L’unica iniziativa che va nella giusta direzione e che può dare un grosso contributo alla soluzione della crisi è una seria lotta all’evasione fiscale, ma al di là delle recenti iniziative, certamente valide ma che da sole non potranno che avere risultati effimeri, è necessaria una riforma dell’intero sistema di accertamento e repressione della frode fiscale, che richiede tempo per essere messo a punto e andare a regime, sempre che si riescano a superare le resistenze di lobby numerose e potenti che faranno di tutto per rendere soltanto di facciata la riforma o almeno ritardarla il più a lungo possibile.

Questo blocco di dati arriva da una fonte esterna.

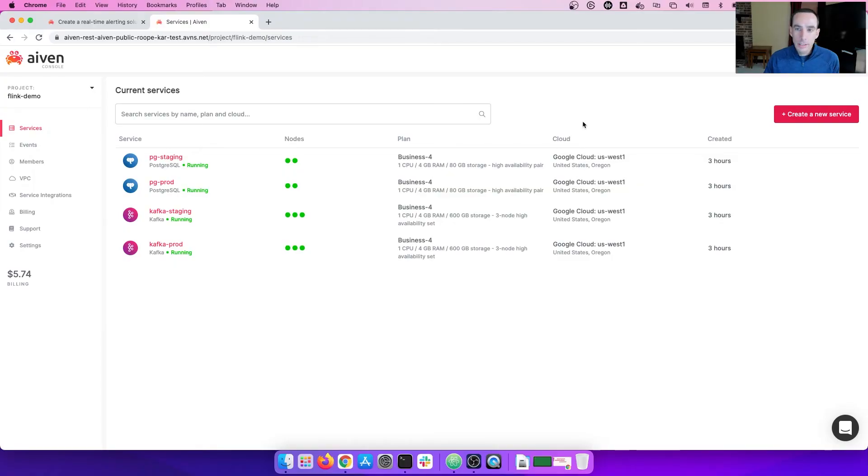Today, the use case I'm going to show is quite simple and straightforward, yet it's just the tip of the iceberg for what is possible with Flink. So, let's get started.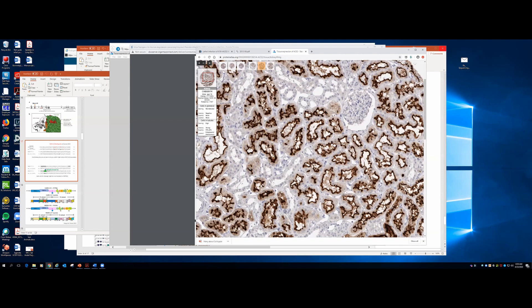A question about ACE2 expression in placenta: I recall there's some expression there. There seem to be limited reports on pregnancy problems so far. There was a report in last week's New England Journal about pregnant women coming into New York — about a quarter were asymptomatic but positive — but the focus wasn't on outcomes for their children. There's plenty more to discuss, but let's turn it over to the next presenters.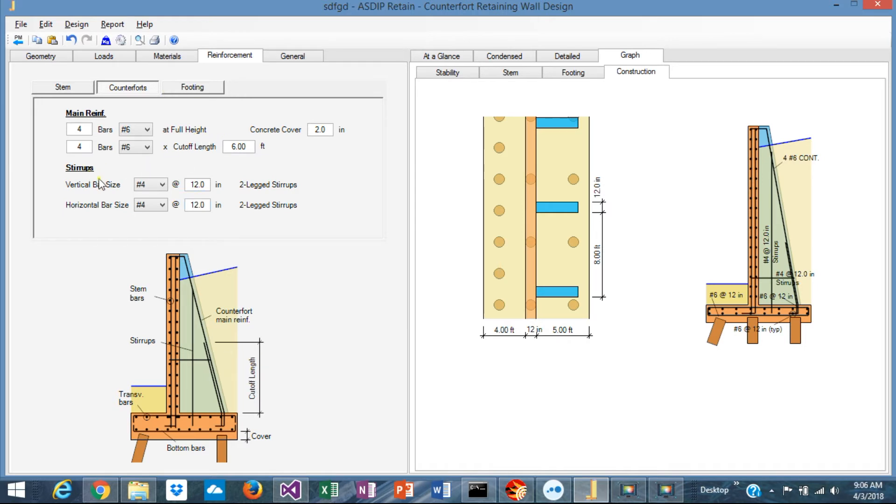The stirrups, vertical or horizontal stirrups, can be specified here.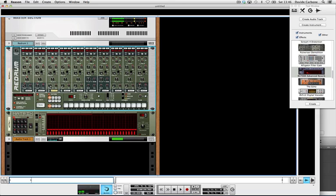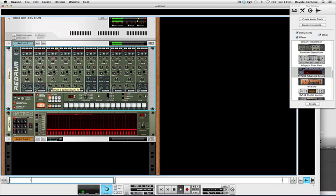So now if I hit play and change the start point of the sample you'll hear the effect. It gives us a nice gated effect and now I can control the length as well and also control the sequencer rate.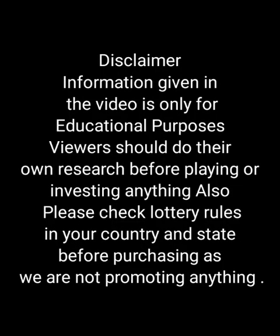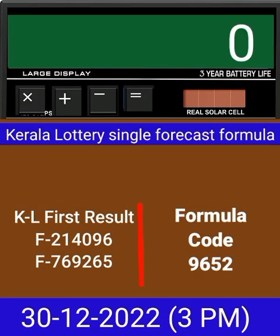This video is made for guessing and education. Welcome to all friends in Chand Kerala Lottery YouTube channel. Today we check a single four-digit formula of Kerala Lottery on calculator. This is the last draw result of Kerala Lottery 3PM.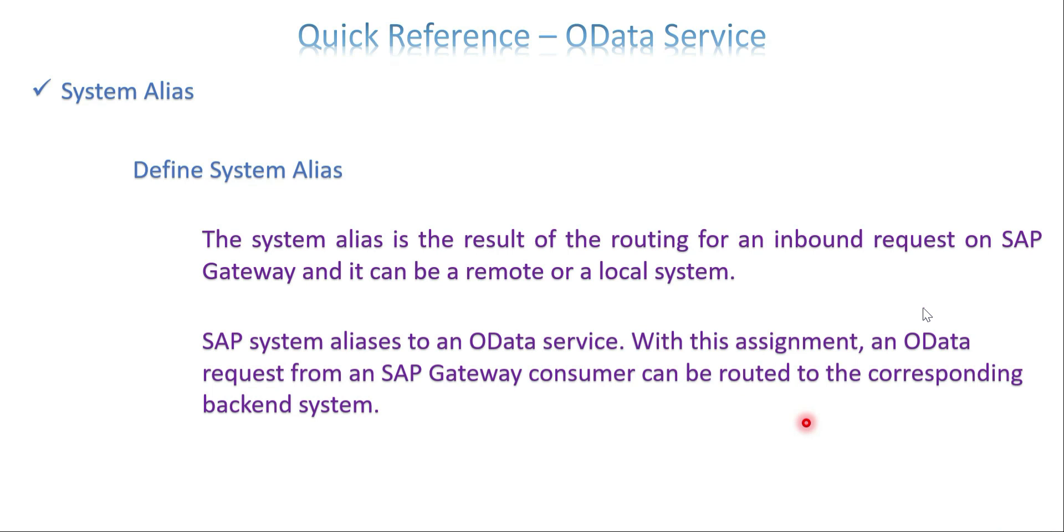Then system alias is the place it has to determine which one to be called based on the request to be made from the UI.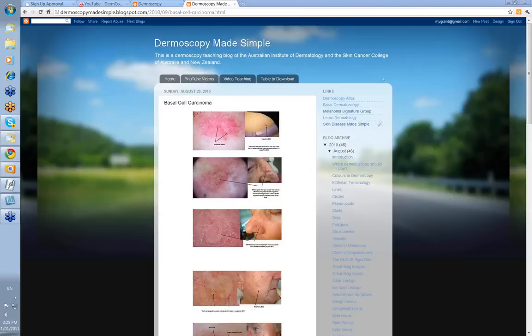Hello, my name is Ian McColl and this is another video in the Dermoscopy Made Simple series. Today, we're going to look at basal cell skin cancer. Initially, I was just going to look at non-pigmented BCCs, but it's difficult to do that, so I'm going to combine a bit of pigmented BCC as well, although we'll have a separate talk on pigmented BCCs.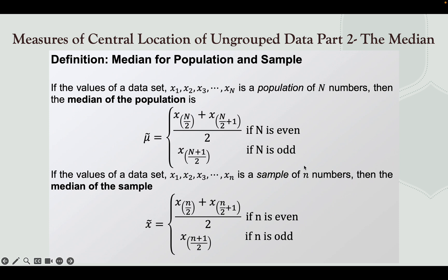In the median of the sample, this is the symbol for your median of the sample. There are also two ways to solve. If n is even, use x sub (n/2) plus x sub (n/2 + 1) divided by 2. If n is odd, use x sub (n+1)/2. Note that in the population, N is a capital letter, while in sample, n is a small letter.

A questo punto, non si comprende perché si grida allo scandalo se le agenzie di rating ci declassano, dal momento che,
salvo cambiamenti di rotta, non si vede alcuno spiraglio di luce e le ricette europee – a cui quelle italiane ciecamente e follemente si adeguano – suggerite da Germania e Francia, che si guardano bene dal seguirle, dietro il pretesto che la loro situazione è soddisfacente, salvo ad accorgersi che anche Parigi non naviga in buone acque, non solo sembrano inefficaci, ma pure dannose e che se anche dovessero salvare l’euro (e non è così sicuro), annienteranno i cittadini.